Following the 2004 election, the people granted the coalition a majority in the Senate. Using the mandate given by this majority, it sought to build on the success of the previous IR reforms, with major changes which replaced the system designed a century earlier, introduced a national system replacing over 4,000 awards and 130 pieces of legislation in six different outdated systems around Australia; vastly improved cooperation, lowering the average of working days lost through industrial unrest from an average of 193 days per 1,000 in 1996 to 15 in 2006; being much fairer, with small business finally given the confidence to employ people following the removal of Labor’s job-destroying and anti-employment unfair dismissal laws; and delivered both more jobs and higher wages due to the increased productivity the more flexible laws introduced and enabled.

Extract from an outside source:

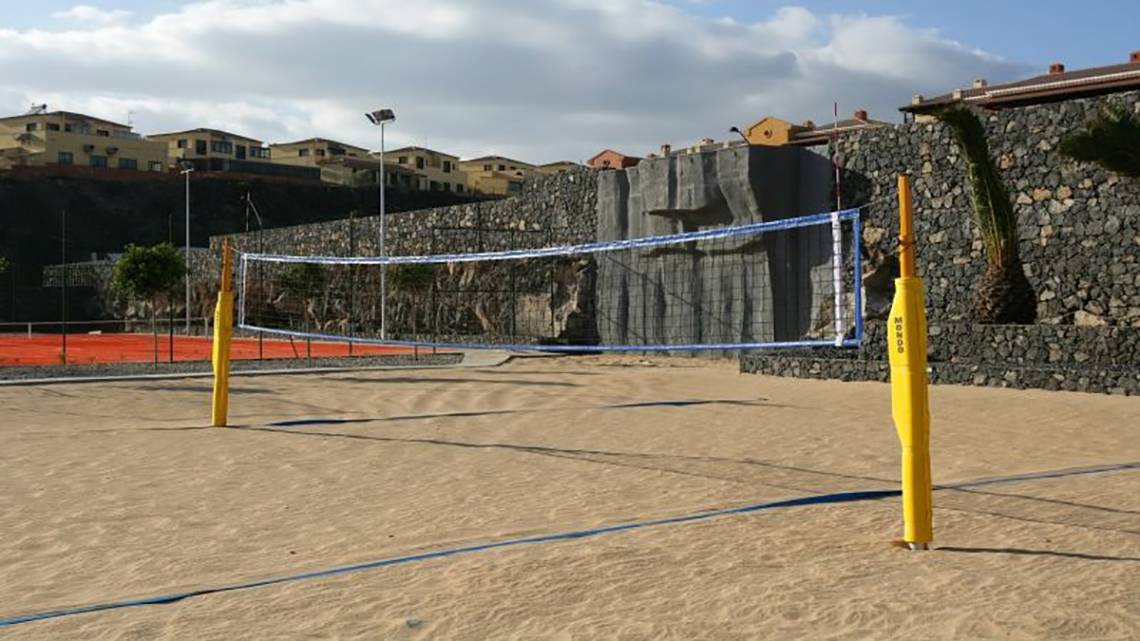 Ein Volleyballnetz auf einem Sandstrand mit einer Steinmauer im Hintergrund.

The results of the Howard government changes were rapidly very readily apparent. As at late last year, the following could be said: working families were clearly doing better under this system, whether they were on enterprise or individual contracts. Real wages increased by 21.5 per cent between 1996 and 2007. Three per cent of this rise occurred after the introduction of the new workplace relations system. More than 430,000 jobs were created in the 18 months following the introduction of that system—nearly 80 per cent of them full-time jobs.

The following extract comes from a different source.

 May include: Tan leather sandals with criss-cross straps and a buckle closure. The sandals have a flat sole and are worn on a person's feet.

A key benefit of the changes made to the IR system since 1996, particularly including the most recent changes, is the improvement they made to adding to the economy’s supply-side capacity. Shortly after their win last year, the government came up with the plan to rewrite history on the economy, in an attempt to try to win some of the economic moral high ground. The tool they have been using to do this is the fact that underlying inflation has exceeded three per cent in recent months. They have said that, because this figure is outside the target band agreed between the RBA and the Treasurer, the economy is in terrible shape. This is, of course, a total overdramatisation and nothing but an attempt to unnecessarily and cruelly scare the Australian population into believing we are facing disaster. The fact remains that the index for the target range for inflation is the headline rate of CPI, not the underlying rate, and that this remains within the target range of between two and three per cent, albeit trending towards the upper level of that band. As such, although action may be required to maintain the rate within that band, we do not currently face extraordinarily concerning levels of inflation—and certainly not in the sense that we have seen under Labor as recently as the 1980s, when it was well into double digits.
Be that as it may, the main criticism that has been levelled at us for failing to address this ‘inflation problem’ was that we failed to address supply constraints—particularly in respect of labour shortages. But, as confirmed by Treasury in the recent additional Senate estimates, the introduction of increased flexibility in the labour market is a key tool in addressing shortages in skilled labour. One of the primary reasons for the introduction of the new workplace changes was to deliver just that: increased flexibility that would allow more people to negotiate employment conditions that would suit them and allow them back into the workforce, while at the same time improving productivity through employers being able to hire employees on conditions that best suited their specific needs and thereby helping to alleviate the supply-side constraints in the economy.